Kasus Penistaan Agama Mungkin Lebih Berdimensi Ke Isu Sosial-Politik contoh kasus Ahok saat Kampanye Pilkada DKI tahun lalu yang kini Ahok telah divonis Penjara dan yang lagi hangat disoroti media dan jadi polemik saat ini yaitu kasus Puisi Sukmawati yang diduga mengandung unsur penistaan agama.
Dua kasus tersebut mungkin kelihatan sangat sexy dan sensitif. Dikatakan sexy karena laris jadi bahan berita di media dan dikatakan sensitif karena merupakan isu SARA yang bisa berpotensi memicu konflik sosial.
Isu agama masih jadi isu yang paling laris dan telah jadi trending topik yang paling genit di media sosial dan media mainstream.
Di mata orang bijak dan orang baik, isu agama tidak akan dikembangkan menjadi isu yang provokatif dan agitatif apalagi di tahun politik yang sering mudah terjadi kerawanan sosial.
Masih banyak orang yang belum trampil menggunakan kata-kata yang tepat dalam bertutur baik secara lisan maupun tulisan terutama dalam kalimat dan phrase (Diction) dan masih banyak yang belum mampu berhati-hati menggunakan kata-kata dalam bertutur (PRUDENT).
Di luar niat dalam mengartikulasikan gagasan atau pendapat seseorang, dari perspektif linguistik, kasus penistaan agama dan fitnah mungkin bisa jadi disebabkan juga oleh persoalan Diksi (Diction) dan Prudent.
Di mata orang terpelajar dan intelektual isu agama dapat dipahami dan bisa dijadikan pengalaman dan pelajaran penting kepada masyarakat agar lebih berhati-hati.
Namun, semua kasus yang telah terindikasi merupakan pelanggaran hukum haruslah diserahkan kepada pihak penegak hukum untuk selanjutnya diprocess (due process of law).

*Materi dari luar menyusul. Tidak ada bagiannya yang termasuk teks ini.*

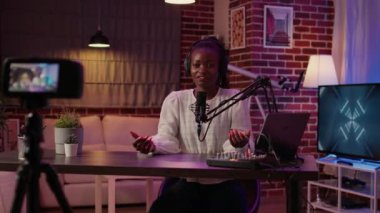 African american woman internet radio host recording live broadcast using digital video camera in home studio. Vlogger creating content while talking in professional microphone for social media page.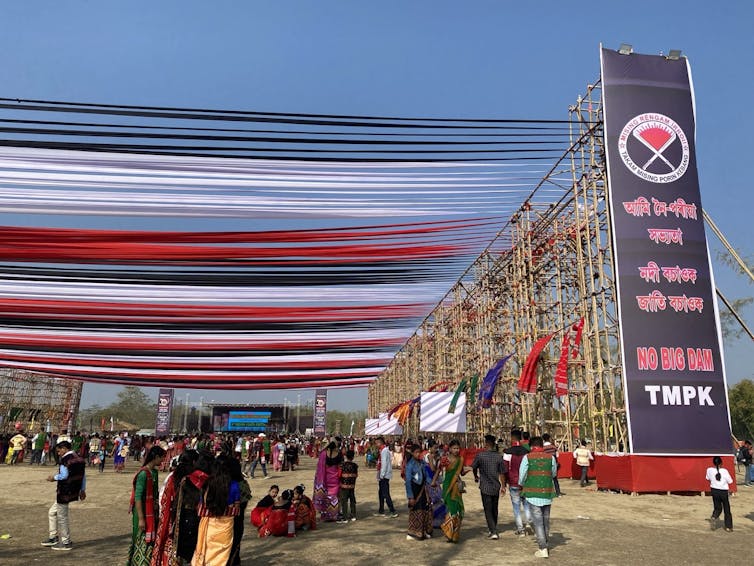 People walk under banners and streamers at a celebration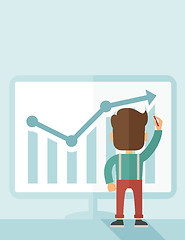 Image showing Successful businessman with a chart going up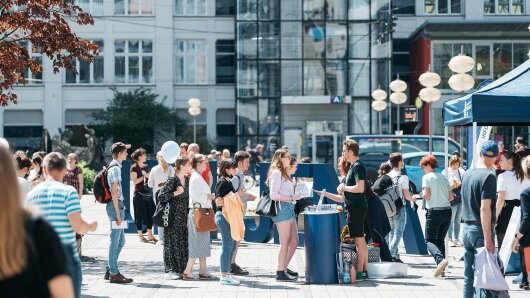 eine Reihe von Menschen vor dem Informationsstand der Abteilung Hochschulkommunikation auf dem Campus
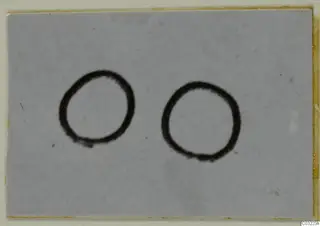 Two dark circular ring shapes on a pale grey card, set in a yellowed mount.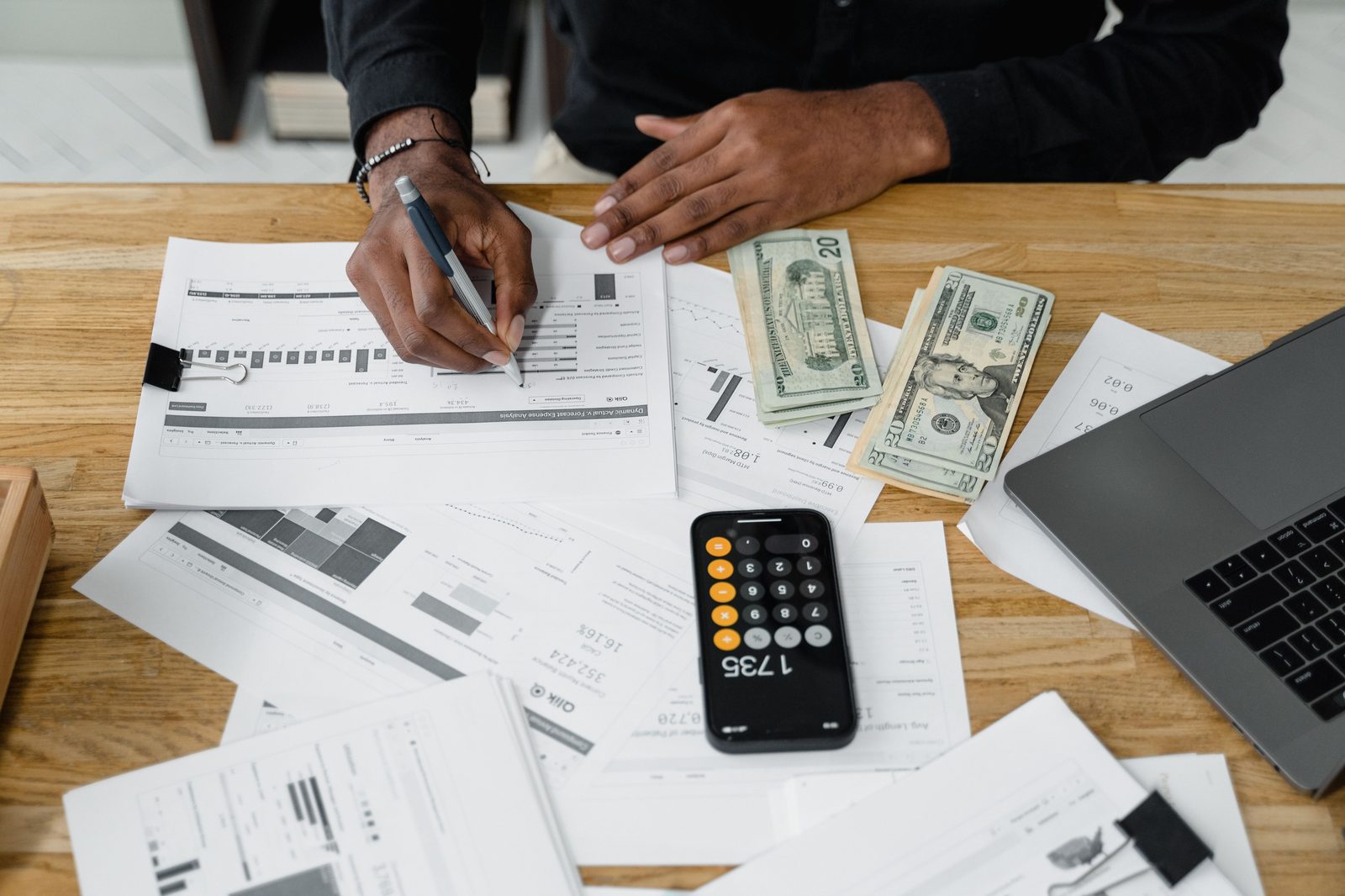Mesa de trabalho com documentos financeiros, calculadora, notas e portátil, representando o cálculo do custo de um contabilista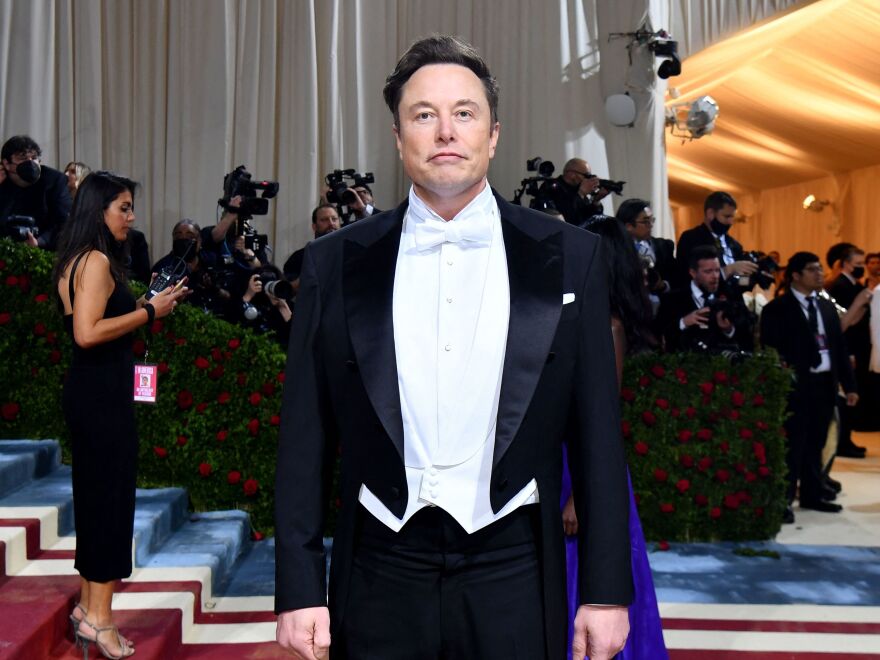 Elon Musk in a tuxedo with tails, his arms are at his side and he is not smiling.
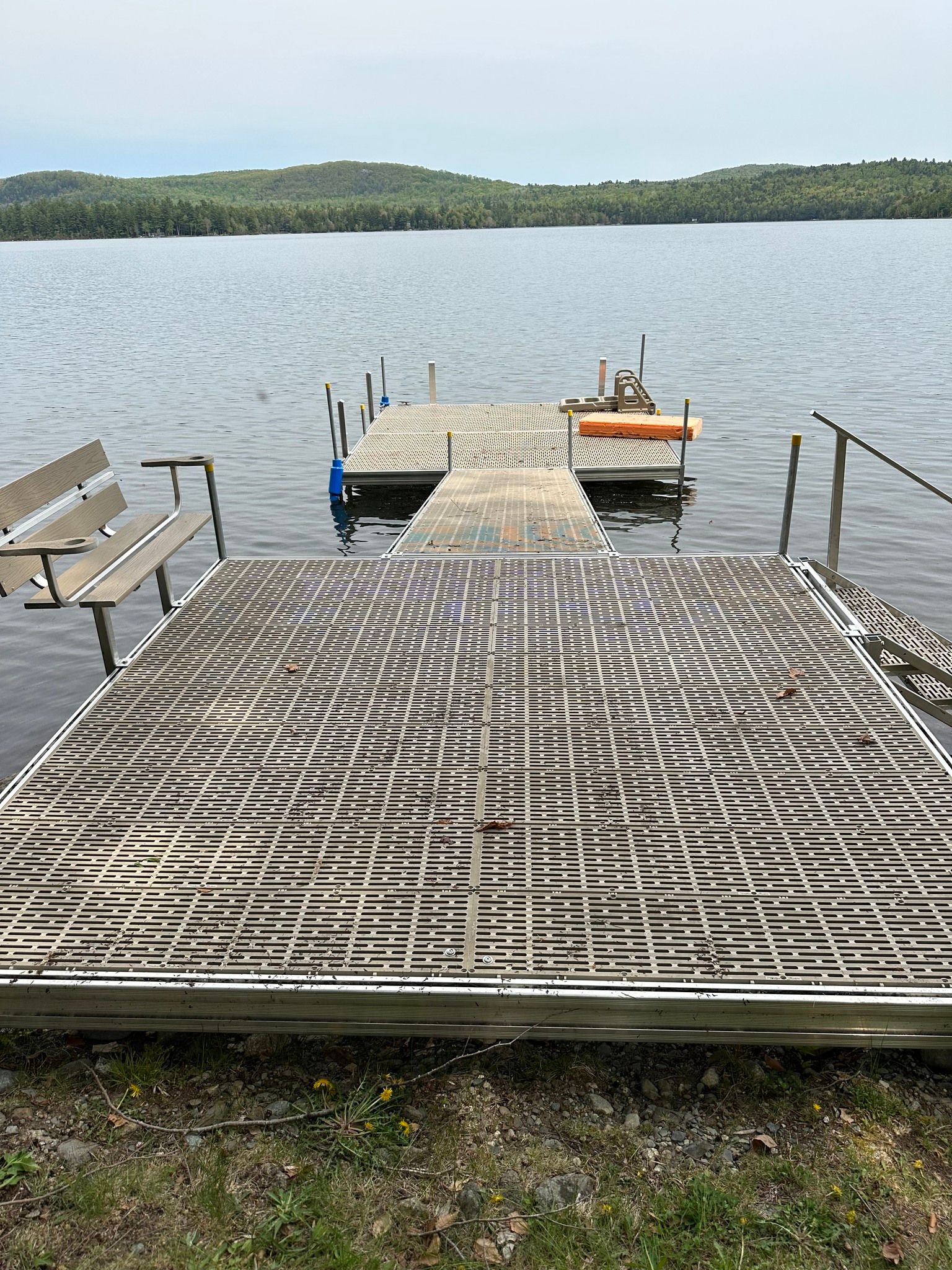 Damaged dock with bent metal grating extending into a calm lake, with a wooded shoreline in the distance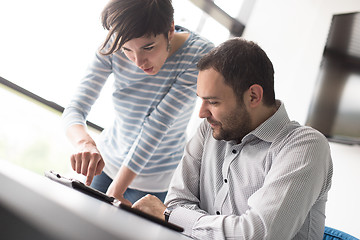 Image showing Two Business People Working With Tablet in startup office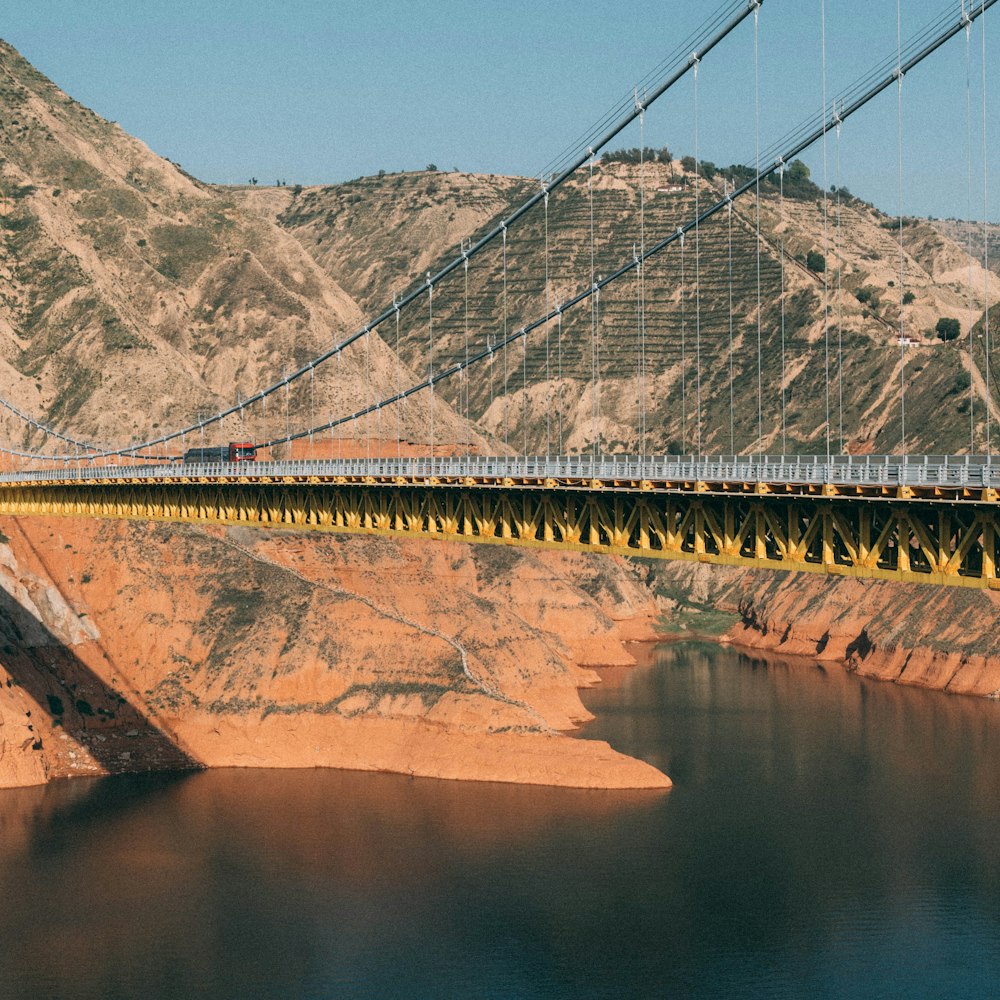 eine Brücke über ein Gewässer mit Bergen im Hintergrund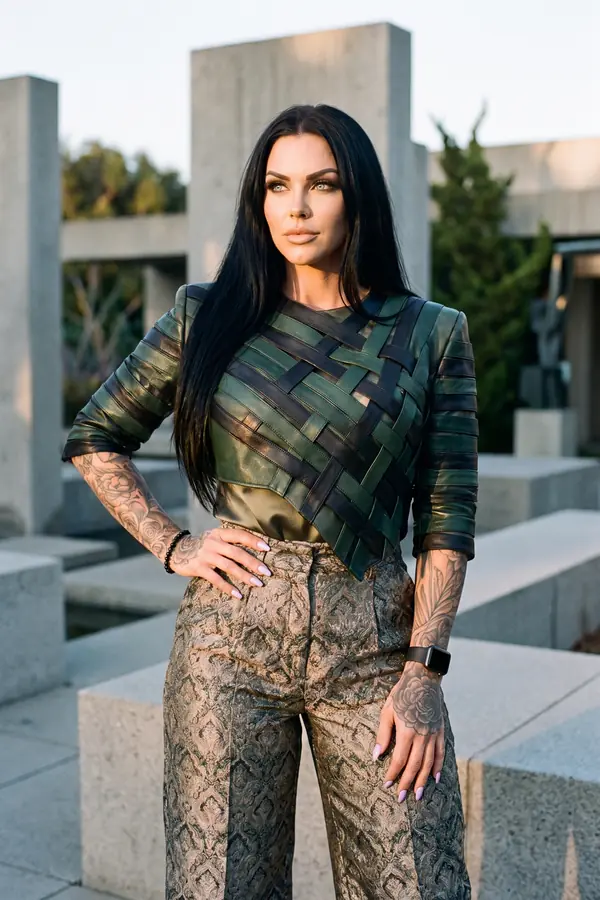 Woman in a green and black woven leather top with bronze brocade wide-leg trousers among granite blocks at sunset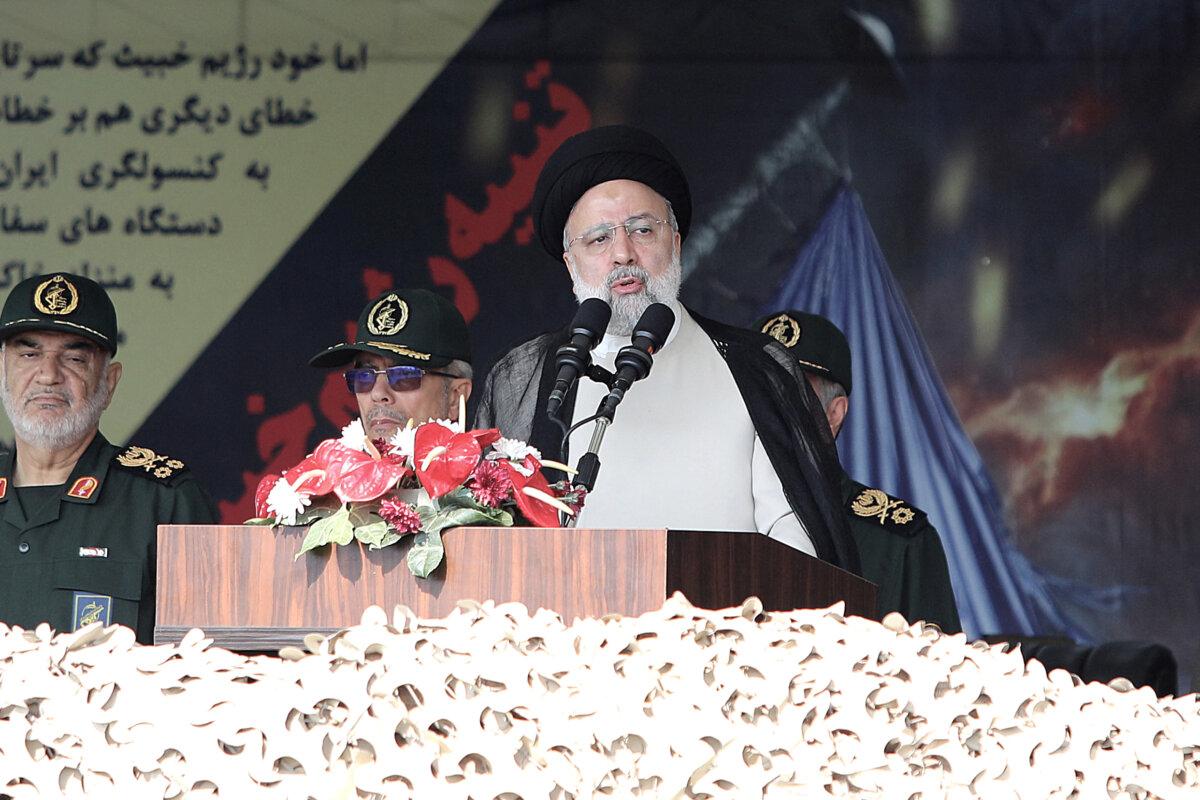 Iran's President Ebrahim Raisi attends a military parade alongside high-ranking officials and commanders during a ceremony marking the country's annual army day in Tehran on April 17, 2024. (Atta Kenare/AFP via Getty Images)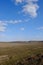 Beautiful cloudy sky over farmland. Spring landscape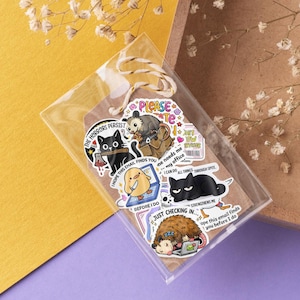 a collection of cartoon animal stickers, including a cat, a dog, and a bird, arranged on a clear plastic surface.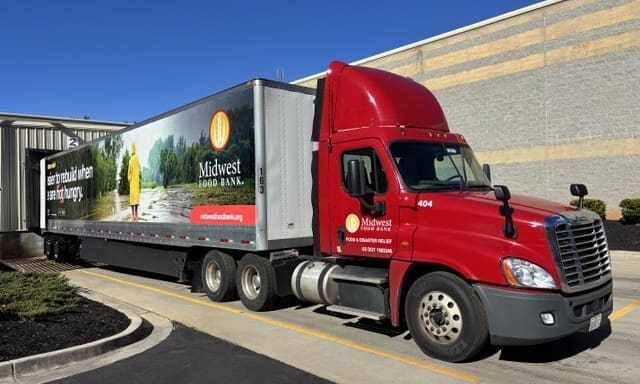 A Midwest Food Bank tractor-trailer parked outside the Midwest Food Bank Georgia warehouse.
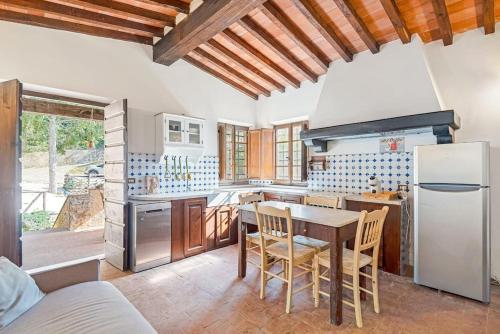 a kitchen with a table and a refrigerator at Rustico immerso nella natura a due passi dal mare in Strettoia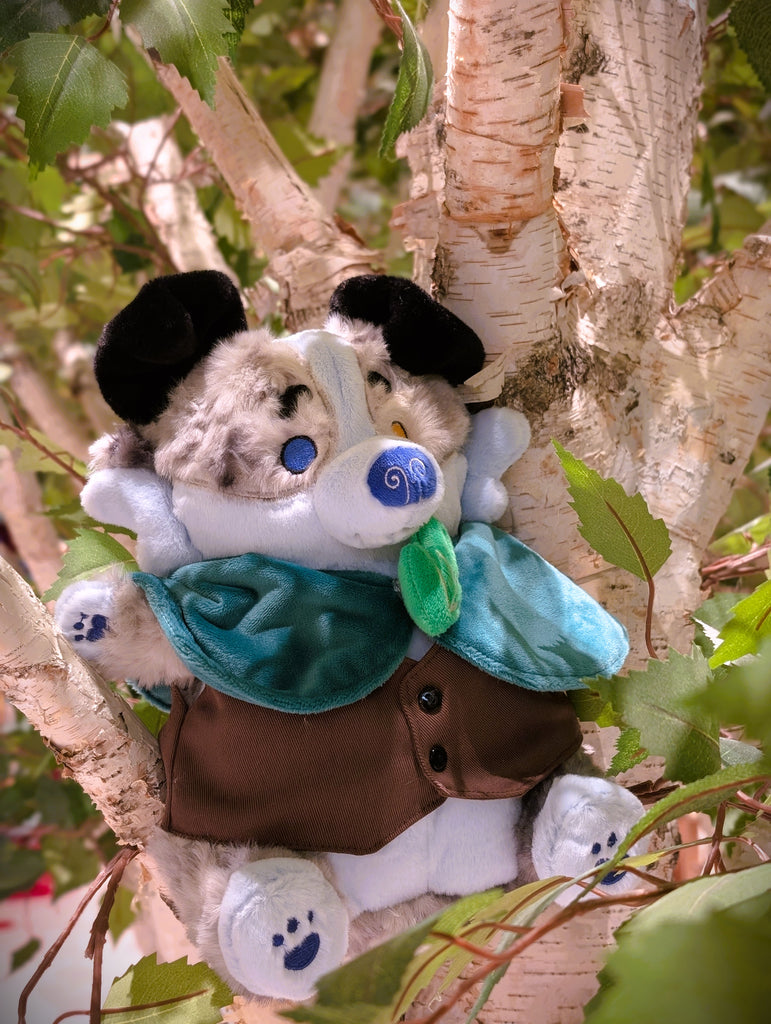 CosyPaws plush of Stormy Pup the blue merle border collie, wearing a green cape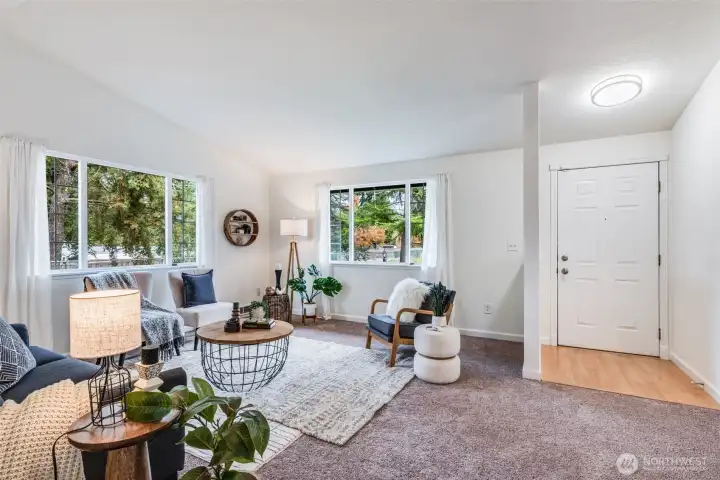 Upon entering, you will find the living room welcoming you with an abundance of natural light.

Nanti Pengadilan yang akan memutuskan apakah seseorang itu bersalah (Guilty) atau tidak bersalah (Innocent) berdasarkan sejumlah bukti, fakta dan kesaksian di pengadilan nati.
Yang jadi pertanyaan penting saat ini ialah apakah ada yg mungkin ingin menjadikan kedua kasus tersebut sebagai komoditas politik dan alat propaganda di tahun politik ?.